PROBLEM TO SOLVE: Using the listing below, keep only the lines with the word "Hand" and copy them.

DATASET EXTRACT:
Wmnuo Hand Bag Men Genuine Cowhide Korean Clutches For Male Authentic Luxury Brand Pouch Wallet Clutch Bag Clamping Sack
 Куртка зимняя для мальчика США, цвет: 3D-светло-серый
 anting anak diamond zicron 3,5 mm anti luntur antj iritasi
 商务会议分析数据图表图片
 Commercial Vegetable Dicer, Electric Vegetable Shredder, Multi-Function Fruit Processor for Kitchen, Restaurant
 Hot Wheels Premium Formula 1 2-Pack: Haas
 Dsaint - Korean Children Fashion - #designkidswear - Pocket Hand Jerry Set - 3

SOLVED EXERCISE:
Wmnuo Hand Bag Men Genuine Cowhide Korean Clutches For Male Authentic Luxury Brand Pouch Wallet Clutch Bag Clamping Sack
 Dsaint - Korean Children Fashion - #designkidswear - Pocket Hand Jerry Set - 3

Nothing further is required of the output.